I had a very enjoyable night considering I was alone with nothing really to do other than enjoy the after effects, train and smoke weed, I couldn't even go out because I didn't have a key to get back in. I felt like I was right where I needed to be and it seemed very obvious that existence is a very special thing that's usually taken for granted. I knew that before but I wasn't really aware of it. What also seemed obvious is that there's a war on consciousness going on. When you look at what we're fed by the media and which drugs are legal and which ones aren't and the peer pressure against them it's hard to see anything other than a deliberate suppression of our true potential that starts with an education system specifically designed to systematically eliminate any form of creative thought. It seems that a wealthy few just want us docile and productive (but not in any kind of creative way) so that those few can carry on gaining more wealth off the backs of the vast majority of worker drones.

If a passenger ships crashes on a deserted island with no hope of rescue then there's work that needs to be done to make their new home a decent place to live. Once that work is finished it's not a bad thing that there's now less work that needs to be done, that's the time to enjoy it and to live, so why are less jobs considered such a bad situation outside of this island? The difference is that the island is a genuine economy free from manipulation. It's easier to see it with an isolated island example but this very simple truth doesn't stop being applicable if you scale up the island. I've had all of these kinds of thoughts before but it's like they didn't really register properly until this experience. I like to think about the nature of consciousness and the universe too so it was really just reinforcing what was already there but doing it in a way that made everything seem much more focused and real. In fact there was a hyper-real quality to the whole experience, like I was fully awake.

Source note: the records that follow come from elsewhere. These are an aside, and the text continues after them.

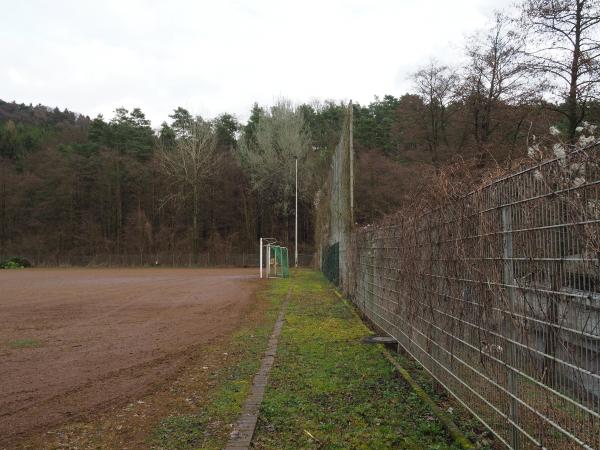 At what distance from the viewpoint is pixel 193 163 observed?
5653 centimetres

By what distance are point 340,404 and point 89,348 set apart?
5.11 meters

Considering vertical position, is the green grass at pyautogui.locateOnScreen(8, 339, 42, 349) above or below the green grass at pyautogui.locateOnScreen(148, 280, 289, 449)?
below

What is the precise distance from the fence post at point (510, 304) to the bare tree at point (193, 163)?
5387cm

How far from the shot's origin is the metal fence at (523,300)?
98.4 inches

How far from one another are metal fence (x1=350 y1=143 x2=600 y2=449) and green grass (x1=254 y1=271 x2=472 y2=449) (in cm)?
47

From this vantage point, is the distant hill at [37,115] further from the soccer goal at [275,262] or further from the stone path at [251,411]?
the stone path at [251,411]

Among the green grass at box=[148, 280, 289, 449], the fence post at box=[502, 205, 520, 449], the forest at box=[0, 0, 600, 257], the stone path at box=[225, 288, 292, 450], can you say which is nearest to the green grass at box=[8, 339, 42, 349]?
the green grass at box=[148, 280, 289, 449]

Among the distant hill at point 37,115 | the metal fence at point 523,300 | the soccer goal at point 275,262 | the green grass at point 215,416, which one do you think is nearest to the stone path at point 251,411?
the green grass at point 215,416

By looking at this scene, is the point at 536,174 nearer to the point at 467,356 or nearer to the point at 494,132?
the point at 467,356

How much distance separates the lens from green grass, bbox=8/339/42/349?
29.0 feet

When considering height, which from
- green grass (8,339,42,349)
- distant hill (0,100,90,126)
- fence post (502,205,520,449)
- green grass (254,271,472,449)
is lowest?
green grass (8,339,42,349)

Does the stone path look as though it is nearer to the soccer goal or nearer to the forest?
the soccer goal

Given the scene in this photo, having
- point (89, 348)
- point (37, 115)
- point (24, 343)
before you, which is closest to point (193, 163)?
point (24, 343)

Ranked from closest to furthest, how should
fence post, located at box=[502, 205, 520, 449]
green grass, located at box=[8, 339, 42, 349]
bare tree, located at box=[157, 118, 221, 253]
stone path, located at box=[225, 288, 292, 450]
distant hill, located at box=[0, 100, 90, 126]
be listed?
fence post, located at box=[502, 205, 520, 449], stone path, located at box=[225, 288, 292, 450], green grass, located at box=[8, 339, 42, 349], bare tree, located at box=[157, 118, 221, 253], distant hill, located at box=[0, 100, 90, 126]
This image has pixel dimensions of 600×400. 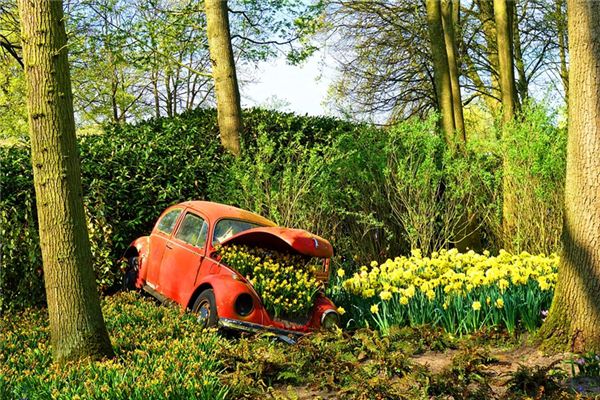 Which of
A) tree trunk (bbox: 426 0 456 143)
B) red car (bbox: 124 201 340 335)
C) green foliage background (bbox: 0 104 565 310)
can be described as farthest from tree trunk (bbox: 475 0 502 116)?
red car (bbox: 124 201 340 335)

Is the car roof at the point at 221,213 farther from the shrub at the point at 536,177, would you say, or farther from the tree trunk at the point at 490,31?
the tree trunk at the point at 490,31

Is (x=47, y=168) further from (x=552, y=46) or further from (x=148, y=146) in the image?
(x=552, y=46)

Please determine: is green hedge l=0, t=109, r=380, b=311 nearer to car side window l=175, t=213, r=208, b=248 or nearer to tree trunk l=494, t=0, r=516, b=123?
car side window l=175, t=213, r=208, b=248

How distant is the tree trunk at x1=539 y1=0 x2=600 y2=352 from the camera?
482cm

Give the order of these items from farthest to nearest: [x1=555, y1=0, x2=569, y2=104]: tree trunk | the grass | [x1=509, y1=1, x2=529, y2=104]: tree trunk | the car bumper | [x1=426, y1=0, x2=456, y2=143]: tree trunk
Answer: [x1=555, y1=0, x2=569, y2=104]: tree trunk → [x1=509, y1=1, x2=529, y2=104]: tree trunk → [x1=426, y1=0, x2=456, y2=143]: tree trunk → the car bumper → the grass

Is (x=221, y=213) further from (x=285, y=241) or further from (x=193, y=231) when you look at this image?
(x=285, y=241)

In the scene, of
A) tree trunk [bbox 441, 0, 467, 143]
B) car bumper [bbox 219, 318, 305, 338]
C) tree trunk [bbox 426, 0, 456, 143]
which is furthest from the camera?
tree trunk [bbox 441, 0, 467, 143]

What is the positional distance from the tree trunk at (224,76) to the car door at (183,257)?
2.95 metres

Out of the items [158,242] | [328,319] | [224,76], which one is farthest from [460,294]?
[224,76]

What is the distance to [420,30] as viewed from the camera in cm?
1814

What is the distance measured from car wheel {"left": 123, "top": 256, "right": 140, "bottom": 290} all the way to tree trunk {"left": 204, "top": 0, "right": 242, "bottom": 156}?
103 inches

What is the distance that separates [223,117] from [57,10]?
5.33m

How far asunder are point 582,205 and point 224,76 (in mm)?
6806

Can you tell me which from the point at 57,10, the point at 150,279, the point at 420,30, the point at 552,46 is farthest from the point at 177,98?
the point at 57,10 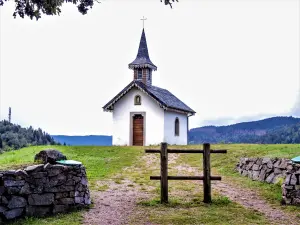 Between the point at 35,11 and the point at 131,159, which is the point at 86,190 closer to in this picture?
the point at 35,11

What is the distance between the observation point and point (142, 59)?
122ft

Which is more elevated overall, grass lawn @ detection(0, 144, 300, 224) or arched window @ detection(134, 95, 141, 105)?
arched window @ detection(134, 95, 141, 105)

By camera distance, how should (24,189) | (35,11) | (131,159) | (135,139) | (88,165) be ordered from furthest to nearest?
(135,139)
(131,159)
(88,165)
(35,11)
(24,189)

If there really is war going on I need to be sure that I'm on the right side. Maybe everything is the way that it should be because it's the only way that works. Maybe creativity shouldn't be encouraged because if it were then there'd be so much out there that the genuinely special works would be drowned out, the truly creative can still go to drama/dance school or become authors or whatever. Maybe drugs shouldn't be readily available, they're not for everyone and some are still out there if you want them and so are the others if you apply yourself. Maybe the people pulling the strings are doing the best they can. Nobody sees themselves as a bad guy, we're all doing what's right by us or we wouldn't be doing it. If there are a few people who have that much power then they have a better understanding of how things work than we do so they're in the best position to make the right decisions, maybe they keep the whole thing running so it doesn't all come crashing down around us. I doubt it though.

I doubt that 1% of the population owning 90% of the wealth is for the benefit of everyone, 1% of the population owning 90% of the wealth is for the benefit of the 1%. The system is fragile but it wouldn't be a bad thing if it were to truly collapse, it would for a while until people realise that money has always been worthless. If creativity were encouraged then there would be more creative works out there but they'd be more masterpieces and those would still rise to the top. If drugs were readily available so that people had the right to treat their own freakin' bodies how they decide is best for them then they could of course still say no to drugs, but everybody would also have the option of saying yes, the way it should be. All of this and a lot more gives me very little doubt that I'm on the right side and I'm going to try be less apathetic and do more for the cause. That's not what this is, at least that's not how it was intended. These are some of the thought processes that I went through at the time.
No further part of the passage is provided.